Precious metals prices bounced back as the U.S. dollar devaluated against the Euro – mainly after ECB’s Draghi didn’t meet market estimates and only reduced the deposit rate to -0.3% without introducing an expansion of QE. And then the NFP report showed a gain of 211K of jobs – a bit higher than expected. But this wasn’t enough to impress bullion traders as gold and silver bounced back. Will this recent rally last? This week we have: U.S. JOLTS, BOE and SNB rate decisions, U.S. PPI, China’s CPI, U.S. consumer sentiment, China’s industrial production, and U.S. retail sales.

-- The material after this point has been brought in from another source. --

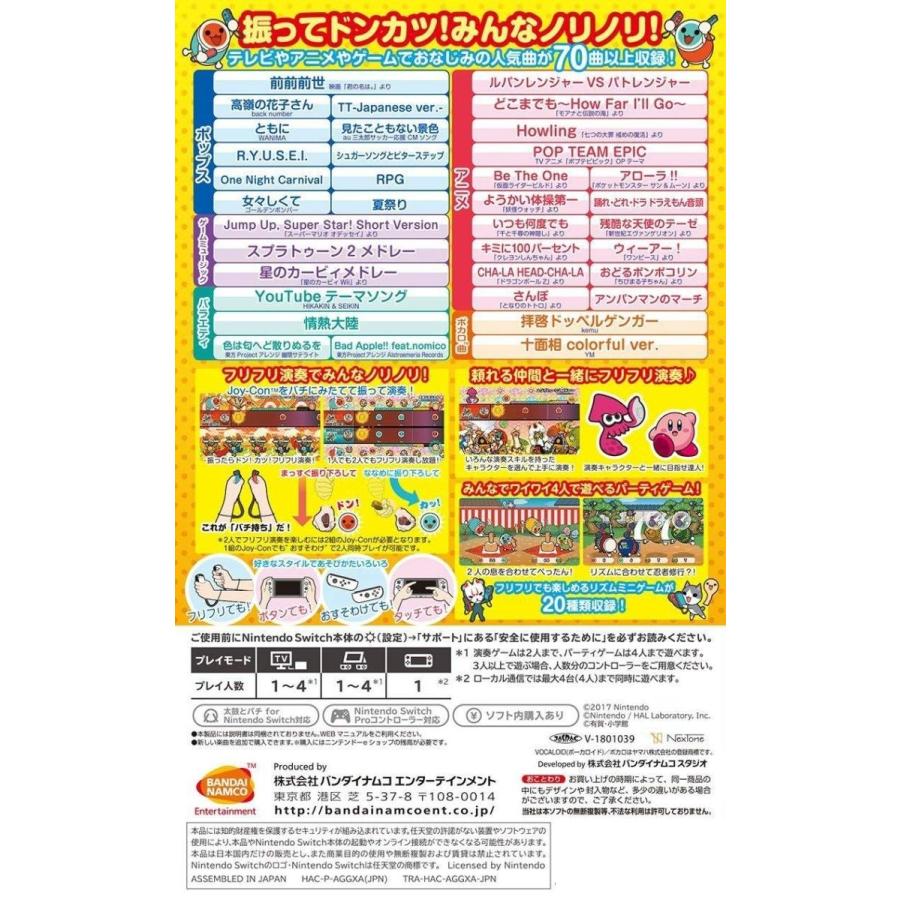 バンダイナムコエンターテインメント Switch 太鼓の達人Nintendo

Following the recent ECB rate decision, the Euro/USD rallied – a 3% bump on Thursday – and may have partly contributed to the rise of gold and silver. Also, on a weekly scale, the USD devalued against the Euro, Aussie dollar, British pound and Canadian dollar. But then on Friday the NFP report came out. It wasn’t too surprising with solid headline figures, growth in wages (2.3%, year on year), upward revisions for previous months, and modest gain in participation rate. The reaction of precious metals wasn’t as expected. The table below shows this.
Source: Bloomberg, BLS
In the past, gold and silver tended to react negatively when the headline figures were better than expected. After all the linear correlations are -0.45 for silver and -0.48 for gold. This time it wasn’t the case. This could be a speculative move by bullion traders – the old saying of “buy the rumor, sell the fact”. After the lower than expected ECB rate cut with no expansion to QE and Yellen’s testimony, more people think the rate hike in December is a done deal. Well, maybe not…

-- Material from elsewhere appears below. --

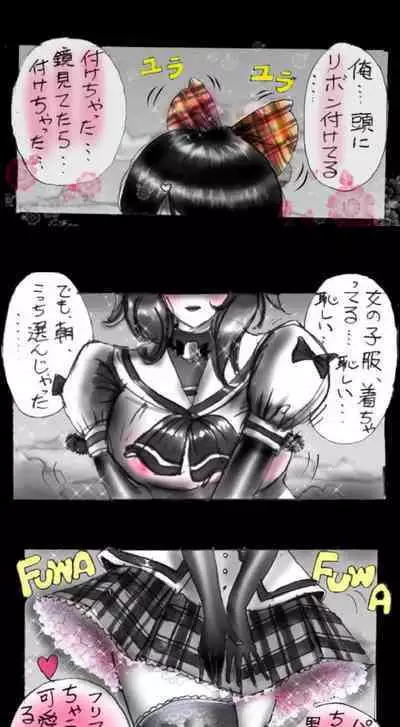 Feminized Warrior Azuna's Meloncholy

Because then there is the implied probability of a rate hike by Fed-watch: It still shows that there is only 79% chance of a December hike – nearly unchanged from the end of last week. And the chances for a March 2016 rate hike went only slightly up to 92%. The little change in the implied probabilities could actually suggest that the NFP report and testimony didn’t impress bullion traders, which could explain the recent rally of gold and silver. In any case, this rally seems shaky and could change course in the coming days.
Looking forward, the focus will be on the pace of future rate hikes. For now, based on Fed-watch and the implied probabilities, the rate should be around 0.84% by the end of 2016 – this implies two rate hikes in 2016, assuming the December rate hike goes underway.
And low interest rates are likely to keep gold and silver at their current levels.
This week, the main U.S. reports will be retail sales, JOLTS, PPI and consumer sentiment. If the U.S. economy were to show strong growth on these issues of inflation, labor and consumer sales, this could have an adverse impact on bullion prices. In China, the industrial production and CPI reports will be released. Considering China is an important consumer of precious metals, the direction of this economy could also play a secondary role in their prices’ directions.
By the end of last week, gold holding of the gold ETF SPDR Gold Trust (GLD) fell again by 2.5%, week on week, to 638.8 tons of gold. Conversely, silver holdings for the silver ETF iShares Silver Trust (SLV) rose by 1% to 321.5 million ounces.
Last week came down to a disappointing ECB rate decision and unsurprising NFP report. In total, these events moved a lot the USD along with gold and silver. This recent rally of bullion prices could be short lived and we could see them change course, especially if the upcoming U.S. reports don’t disappoint or miss market estimates. Finally, considering the upcoming week will be a relatively slow one – mainly when you compare to last week or the week after that – then the market will likely to focus on digesting last week’s results and breaking down what’s up ahead.